MDM2 can ubiquitinate and degrade p53 and is an ideal target for cancer therapy [468, 469]. APG115, which has a high affinity for MDM2 and significantly promotes tumor regression, is currently undergoing clinical trials for cancer therapy [470]. In addition, the MDM2 inhibitor APG-115 showed a synergistic effect with PD-1 blockade to enhance antitumor immunity within the TME [471]. APG-115 has shown potent antitumor activity in preclinical models of acute myeloid leukemia [472]. Inhibitors of MDM2 include milademetan, milademetan tosylate, siremadlin, siremadlin succinate, AMG 232, RG7112, SAR405838, RG7388, CGM097, and Nutlin-3A, which are in clinical trials to investigate their therapeutic effects on cancer [357, 473].

IAP inhibitors

IAP inhibitors were created by mimicking Smac/Diablo, a natural antagonist of IAPs, to induce the proteasome-dependent degradation of cIAP1, cIAP2, and X-linked IAPs [474]. Various small molecule inhibitors targeting the IAP are clinically available, as shown in Table 2 [473]. LCL161 treatment can induce an acute inflammatory response and activate phagocytes. In addition, LCL161 treatment can stimulate myeloma cells to secrete soluble factors through MΦs and induce tumor cell phagocytosis, thereby enhancing innate and adaptive immune responses and effectively stimulating antitumor immunity [475]. In another study, APG-1387 exerted dual anti-tumor effects on ciAP2-overexpressing HBV-positive hepatocellular carcinoma cells by inducing apoptosis and enhancing antitumor immunity [173]. Currently, several inhibitors of IAPs remain under evaluation in clinical trials (NCT04568265 and NCT04643405), and IAP inhibitors are promising novel effective immunomodulators for cancer treatment.

DUB inhibitors

Ubiquitination is a dynamic process managed by DUBs, which facilitate the removal and alteration of UB or polyubiquitin chains from ubiquitinated proteins [476]. Many DUBs are involved in the cell cycle process, regulation of genomic instability, and various events in tumorigenesis [477]. As a result, numerous inhibitors of DUBs have been developed, including both broad-spectrum and targeted varieties, all of which are recognized as promising candidates for cancer therapy [478, 479].

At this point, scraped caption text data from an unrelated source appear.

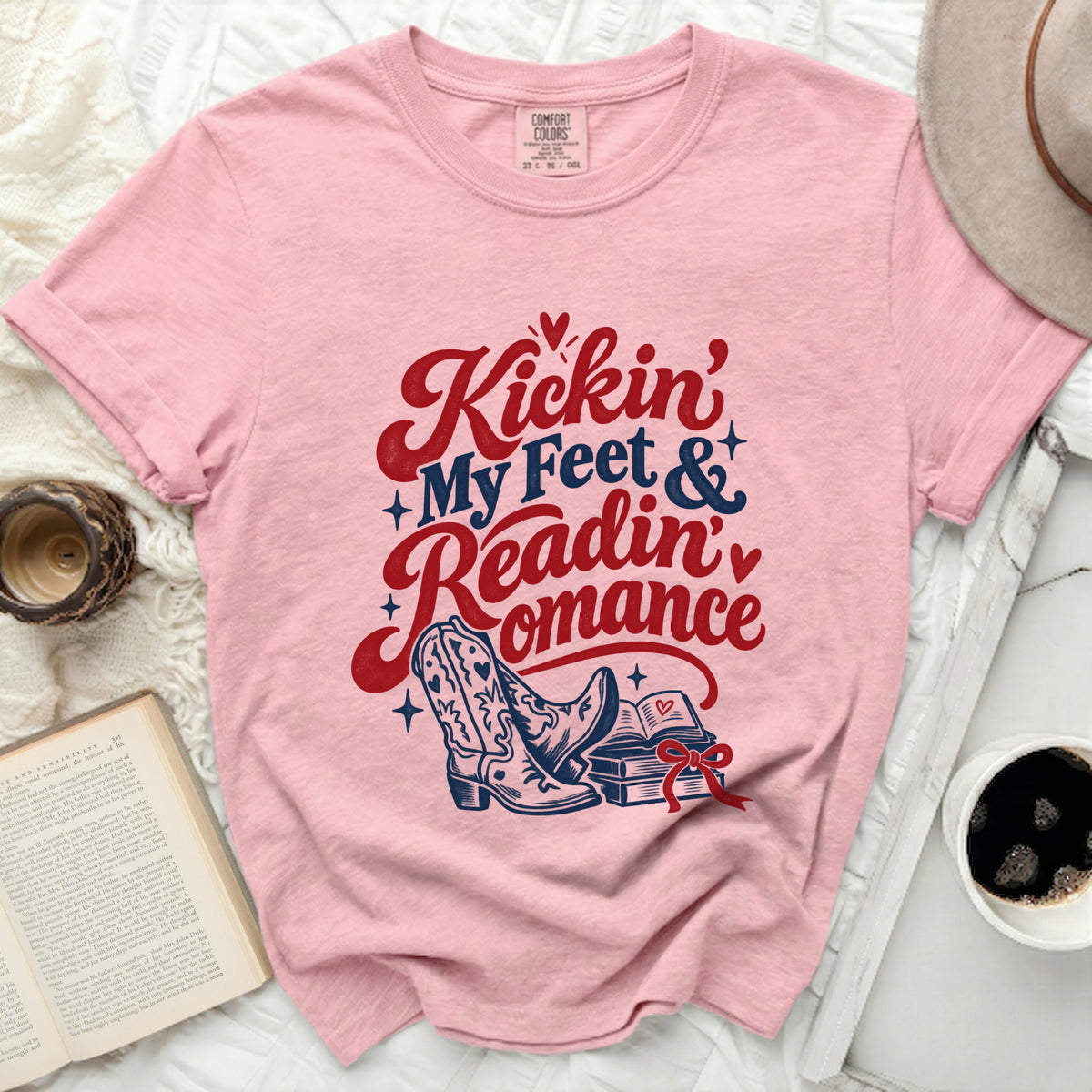 Pink t-shirt with "Kickin' My Feet & Readin' Romance" text and cowboy boots.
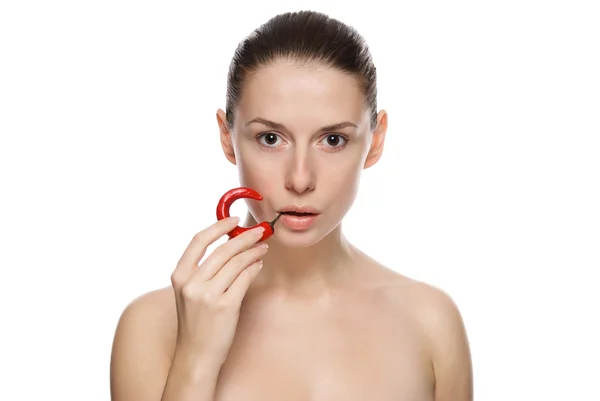 Portrait of young beautiful girl with chili pepper — Stock Photo, Image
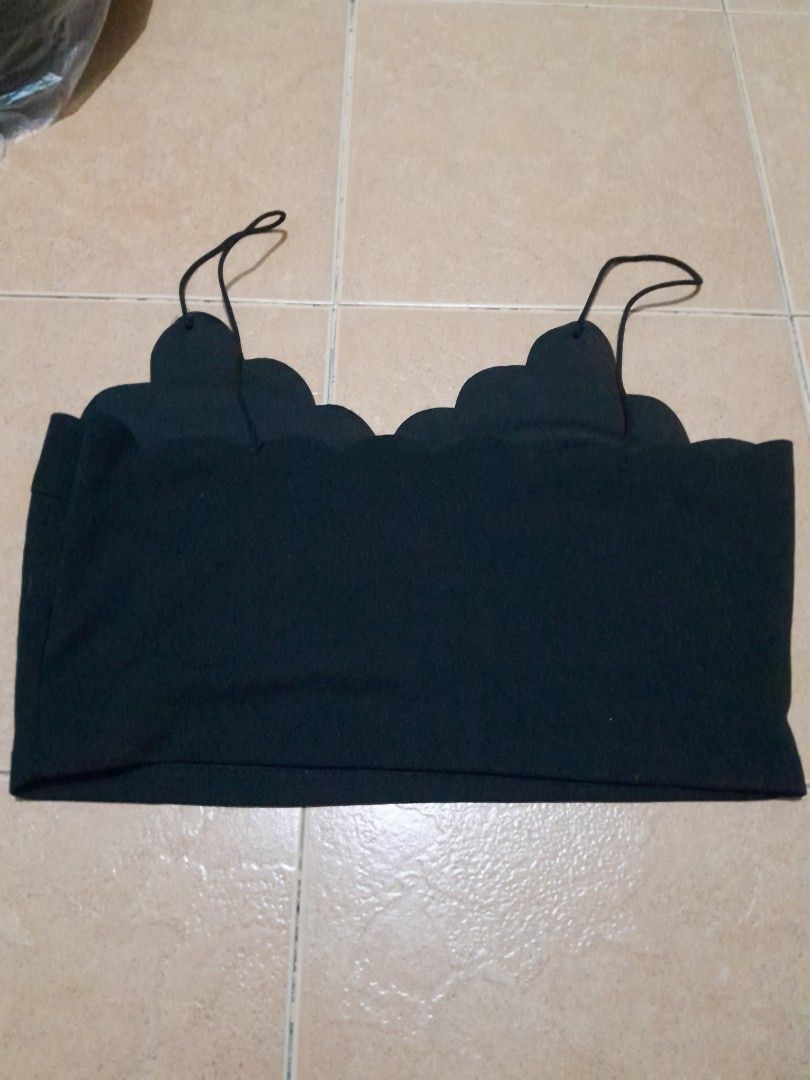 Black Scalloped Hem Cami Crop Top (Category: Sleeveless) located in Quezon City. Submitted by patricia19leones (Listing ID 1461914410, Image 3). Description: - Cute black cami crop top - Scalloped hem detail along the bust - Thin spaghetti straps - Versatile: pairs well with high-waisted jeans or skirts -Size : 0XL on tag.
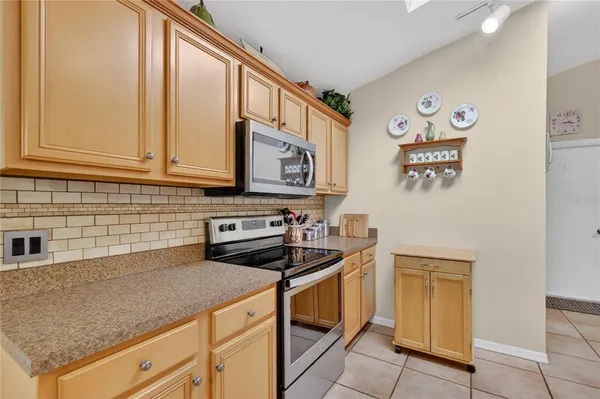 a kitchen with stainless steel appliances granite countertop a sink stove and cabinets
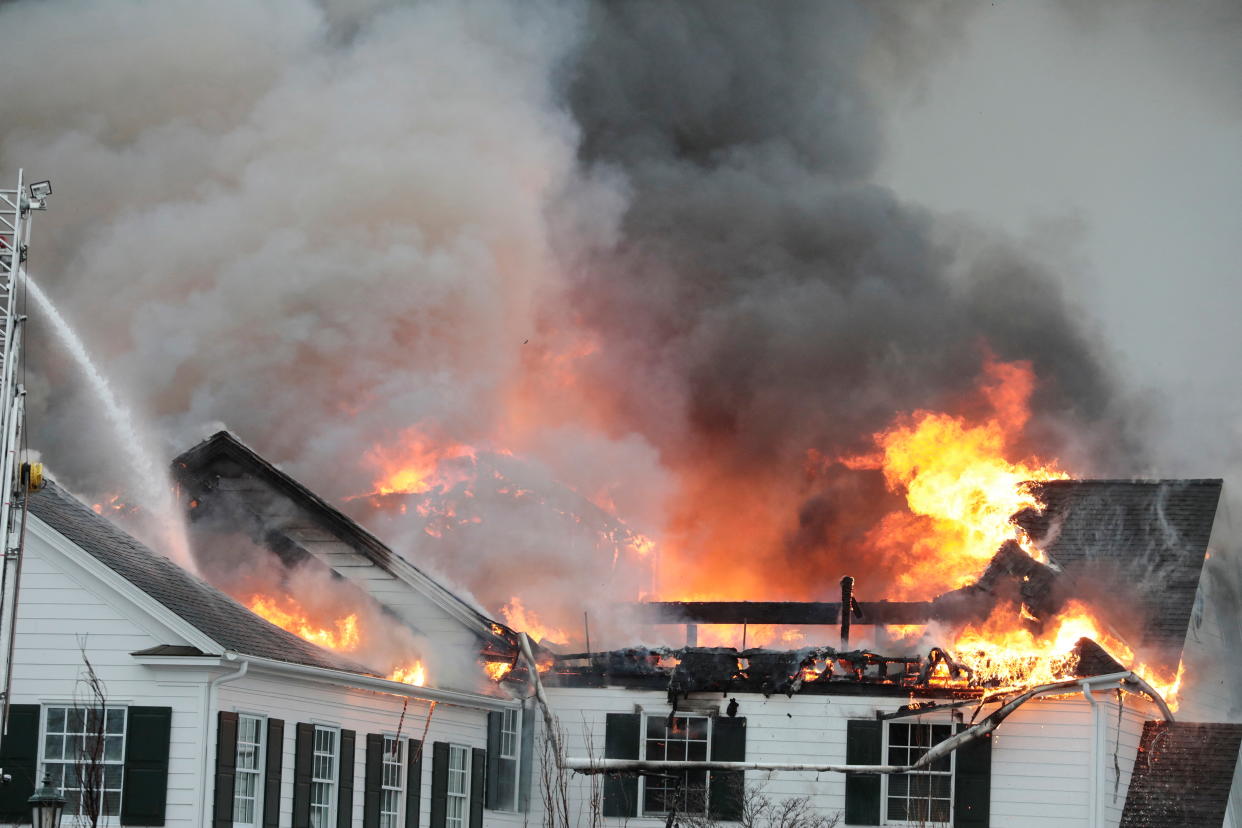 Firefighters battle a blaze that struck the Oakland Hills Country Club, which has hosted several golf majors in the past years, in Bloomfield Township, Michigan, U.S. February 17, 2022.  REUTERS/Jeff Kowalsky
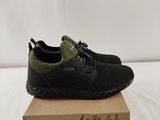 a pair of black and green sneakers sitting on top of a cardboard box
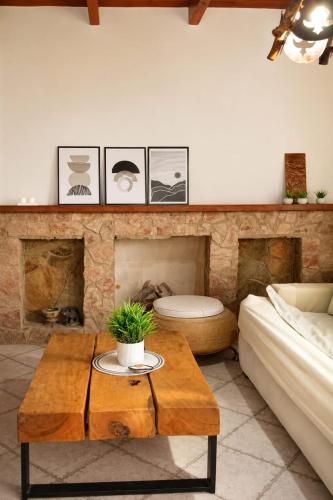 a living room with a table and a fireplace at Caelum House Familiar Con Cochera in Rafaela
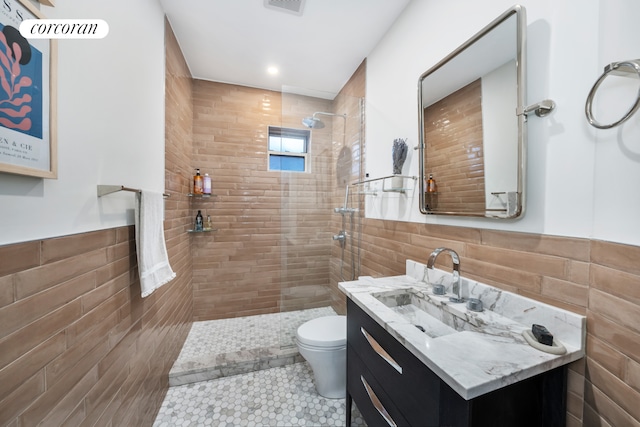 324 E 50th St Unit 6D, New York City, NY 10022 - bathroom with tile walls, toilet, vanity, tiled shower, and tile patterned floors
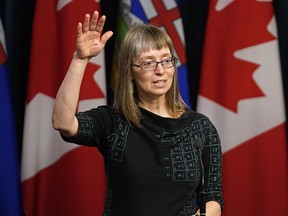 Dr. Deena Hinshaw, Alberta chief medical officer of health, delivers a COVID-19 update while wearing a dress emblazoned with the periodic table of elements.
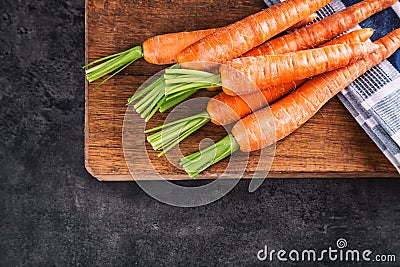 Carrot. Fresh Carrots bunch. Baby carrots. Raw fresh organic orange carrots. Healthy vegan vegetable food Stock Photo
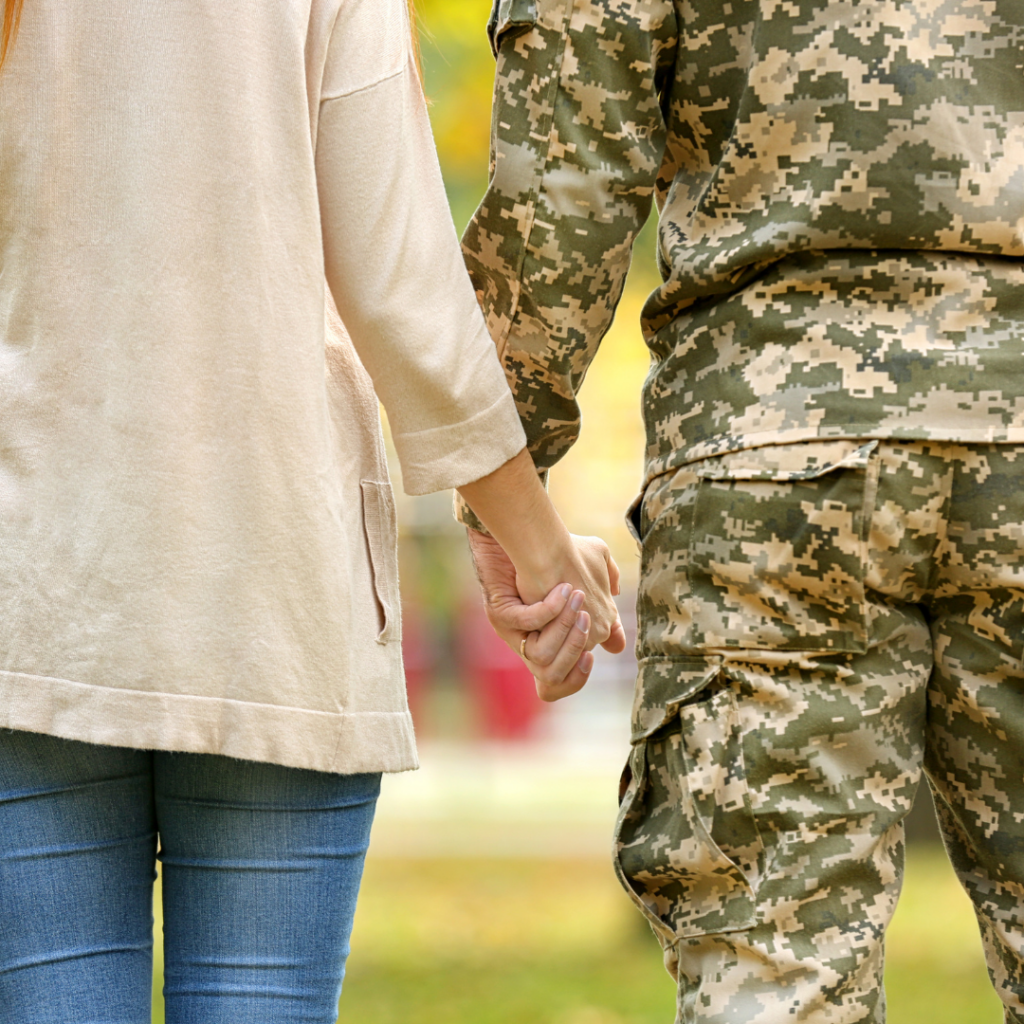 Eine Frau in ziviler Kleidung und ein Soldat in Uniform halten sich bei der Hand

G5 and F6 are broad-spectrum DUB inhibitors discovered through cell-based drug screening [480]. These chalcone DUB inhibitors are known for their ability to induce apoptosis in BCL-2-independent cells [480, 481]. Through active chemical proteomics, compound PR619 was suggested as a broad-spectrum DUB inhibitor [482]. NSC632839, another potent inhibitor with broad-spectrum activity against deubiquitinases, selectively targets USP2 and USP7, inducing apoptosis in cancer cells [480]. As a specific USP1 inhibitor, pimozide can block the maintenance and radiation resistance of glioma stem cells [483]. WP1130 inhibits several DUBs, including USP9X, USP5, USP14, ubiquitin carboxyl-terminal hydrolase isozyme L5 (UCHL5), and UCH37. It decreases the MCL-1 level and increases the p53 level, showing antitumor effects [484]. Betulinic acid, derived from various plants, has been recognized as a broad-spectrum DUB inhibitor, that triggers an aberrant transmembrane potential and apoptosis in cancer cells [485, 486]. Nevertheless, these inhibitors might amplify their impacts and nonspecific toxicity through diverse mechanisms, underscoring the clinical preference for specific DUB inhibitors [487].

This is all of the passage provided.